→ Records for the exercise:
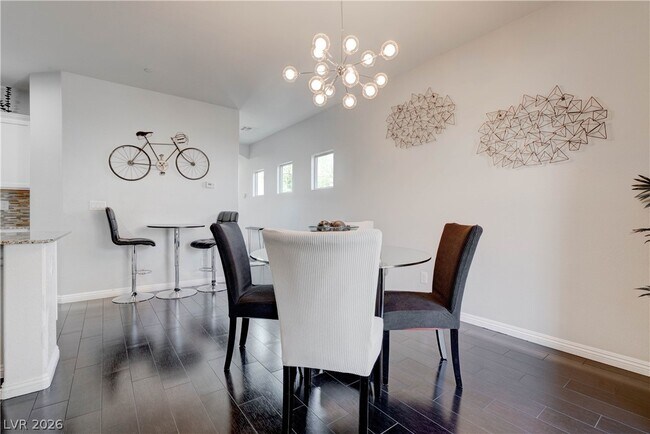 Building Photo - 48 Jasmine Point St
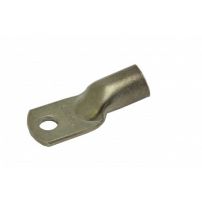 Наконечник медный луженый ТМЛ 150-16-19 EKF PROxima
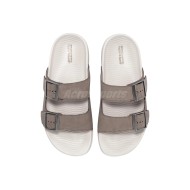 Claquette Skechers Hyper Slide
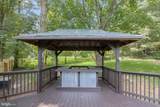 4224 Roop Road - Photo 58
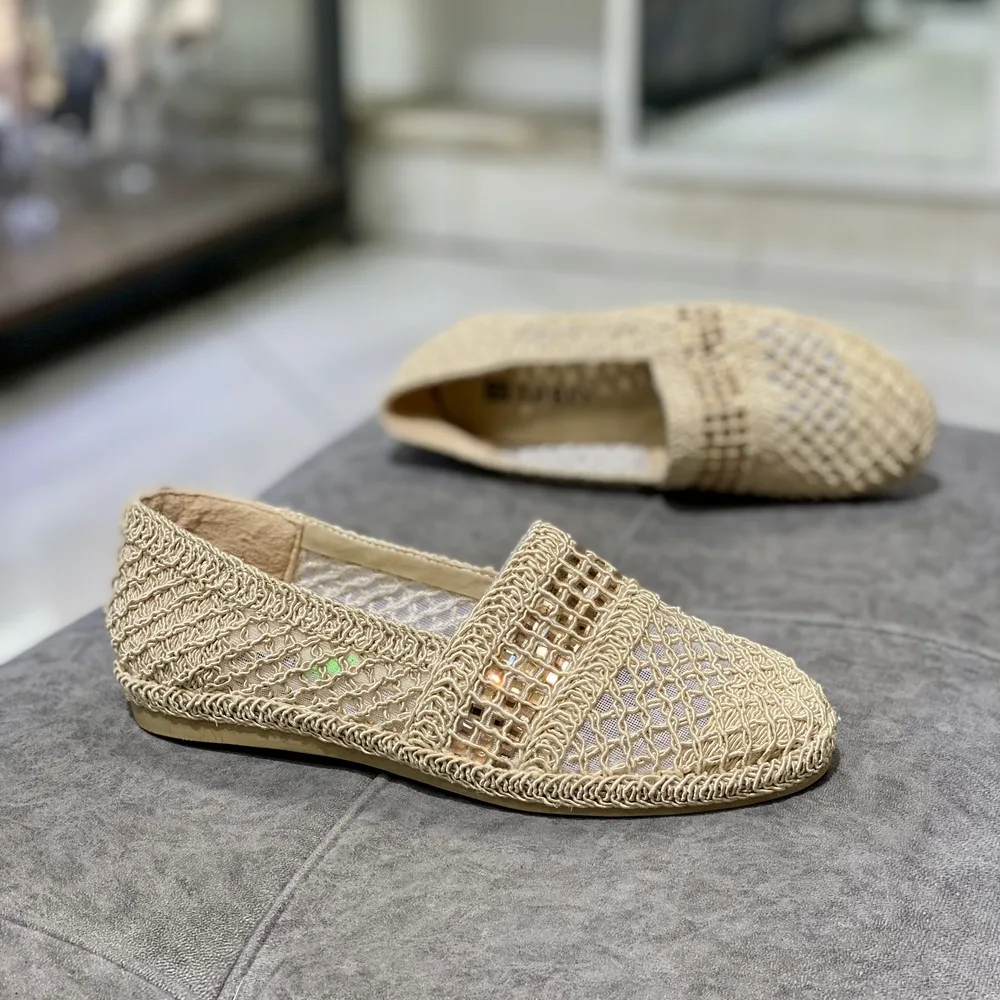 IMG_7180.jpeg کالج کنفی جدید - Image 1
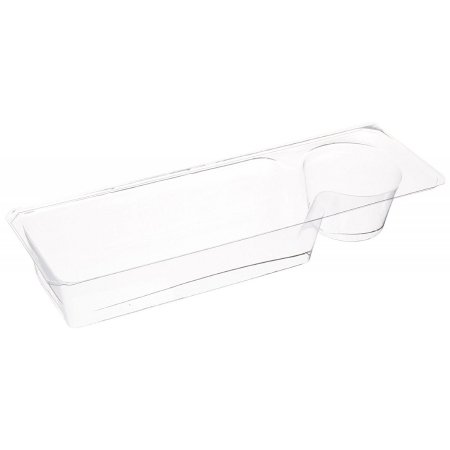 Picture of Economy Walker Basket681301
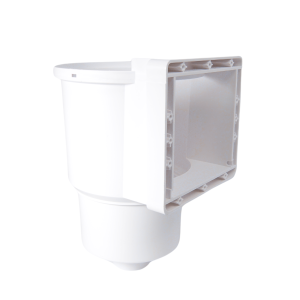 Korpus skimmera AR100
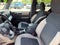 2021 Ford Bronco Big Bend 4 Door 4x4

→ The task: Could you reproduce all of the material exactly? Keep the pictures out of it.

→ Problem solution:
 Building Photo - 48 Jasmine Point St
 Наконечник медный луженый ТМЛ 150-16-19 EKF PROxima
 Claquette Skechers Hyper Slide
 4224 Roop Road - Photo 58
 IMG_7180.jpeg کالج کنفی جدید - Image 1
 Picture of Economy Walker Basket681301
 Korpus skimmera AR100
 2021 Ford Bronco Big Bend 4 Door 4x4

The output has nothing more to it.